Ao transferir o Circuito das Águas do Interior para o Litoral, o Governo do Estado dá impulso a um gênero turístico inédito: o roteiro da sede. Também surpreende incontáveis nordestinos que fugiram da seca e aqui viram, pela primeira vez, “a água que sai da parede” (torneiras e chuveiros).

A abundância não mais existente se agravou por uma seca previsível e cujos efeitos poderiam ter sido minimizados. Passada a eleição para governador, a direção da Sabesp admitiu que a potencial gravidade do problema era conhecida há pelo menos dois anos.

Mas, antes de avisar a população com insistência, para não deixar dúvida de que se tratava de uma catástrofe próxima, a Sabesp se dirigiu em primeiro lugar à Bolsa de Nova Iorque. Informou, em primeira mão, acionistas da empresa sobre a crise no sistema Cantareira.

Um levantamento do Instituto Datafolha mostrou, nessa segunda-feira (20), que dois terços dos paulistanos pretendem estocar água. Eles recebem água do Cantareira, que está quase seco. E, como mostra hoje (21) 'A Tribuna', milhares têm viajado de São Paulo para o Litoral em busca de água.

Hotéis lotados, estradas intransitáveis, tráfego irritantemente lento comprovam que os fins de semana da temporada de verão estão sendo antecipados. Quem vive na região e sofre para circular dentro dela em períodos considerados normais pode tirar do armário seu estoque de paciência.

E essa antecipação tem tudo para trazer, mais cedo do que sempre acontece, problemas no abastecimento de água na Baixada Santista. Sobretudo em Praia Grande e Guarujá, cidades para onde mais acorrem turistas em períodos de férias e os canos ficam secos do Natal ao Ano-Novo.

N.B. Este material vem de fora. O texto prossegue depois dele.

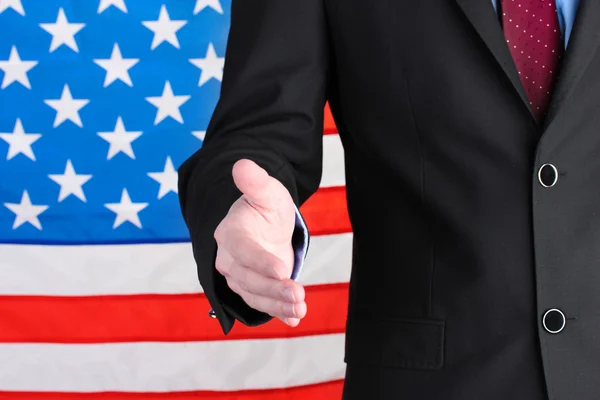 Empresario dando la mano por un apretón de manos en el fondo de la bandera estadounidense — Foto de Stock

A memória faz lembrar que, em 27 de dezembro passado, a presidente da Sabesp, Dilma Pena, afirmou termos “a garantia do abastecimento da região pelos próximos 30 anos”. Isso foi dito após a inauguração de duas estações de tratamento de água, em Guarujá e Itanhaém.

Menos de 30 horas depois, o que se viu foi um Réveillon a conta-gotas. É o que geralmente ocorre quando a população fica muito acima do normal, sabe-se disso. Mas, à medida que a crise em São Paulo se agrava, a Baixada deve se preparar para viver isso mais frequentemente.

A população também tem culpa. Por isso, o Governo Estadual deveria parar de brincar de pagar bônus a quem economiza (uma obrigação) e começar a multar quem desperdiça água. A eleição já passou; o governador não perderá votos agora. Terá mais quatro anos para mostrar a que veio.